The first and primary reason is Park's apparent inability to communicate sufficient background information to the reader. Park is competent, even gifted, at painting individual scenes for the reader's inner eye, but he stumbles over the task of giving the reader enough background about the planet and culture to make these scenes comprehensible. Park complicates this task further by focussing on characters who, for assorted religious and cultural reasons, are culturally incapable of introspection, and thus are almost useless for illuminating recent or distant history for the reader.
The second reason is that those factual details that Park does manage to communicate about the planet are implausible. The story takes place on a desert planet with an 80,000-day year. For half the year, nothing grows. Life is reactivated by a seasonal form of precipitation that tastes sweet, yet leaves a flammable residue. While the ability of periodic rain to make a temporary paradise of a desert is well-known, it strains credulity to suggest that flammable rain can engender enough food to feed even a small population for 80,000 days, even if the inhabitants are capable of creating some purely synthetic foods. Park's tidbits of planetary history, which suggest that humans have somehow managed to live on this wretched dirtball for thousands of (Earth) years or more, further strain the reader's credulity.
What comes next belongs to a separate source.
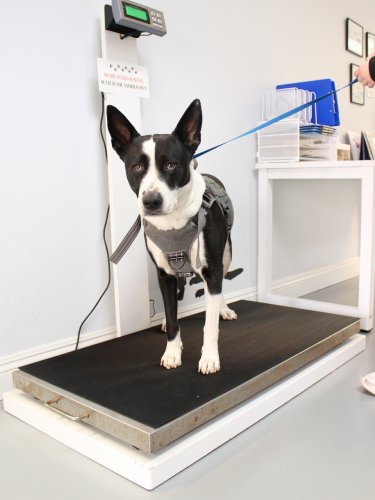 Photo post from familyanimalhospitalcm.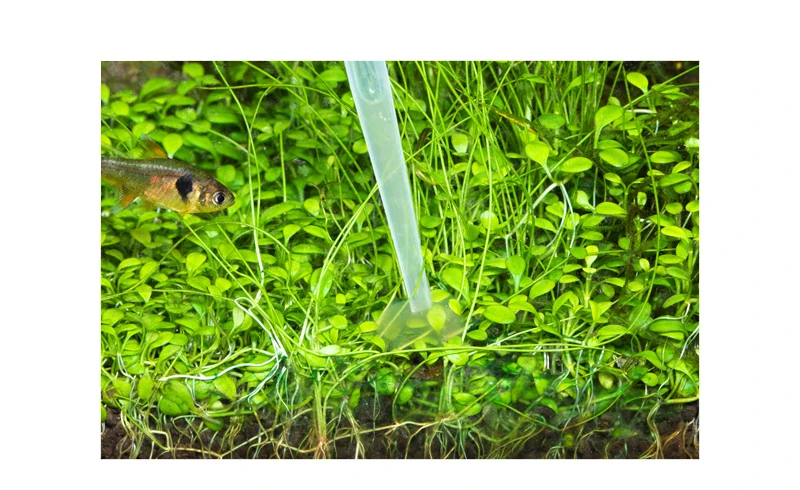 ADA Green Gain Plus 50ml Bitki Budama Sonrası Hızlı İyileştirme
Finally, the combination of the characters' lack of introspection and the brutality of the culture discernible between the lines of Park's finely crafted prose undermines the reader's interest. After reading a relatively small number of pages, it becomes clear that life is nasty and degrading, even for the noble Starbridges, in Park's city-state of Charn. Park gives the reader no reason to care about any of his characters, who surge blindly forward like lemmings, apparently incapable of undertaking even the smallest rational action to improve their lot. Park should be commended for attempting a unique story about a unique culture. His attempt, though a failure, is a brilliant one, and readers of "Sugar Rain" will devoutly hope that he learns from it.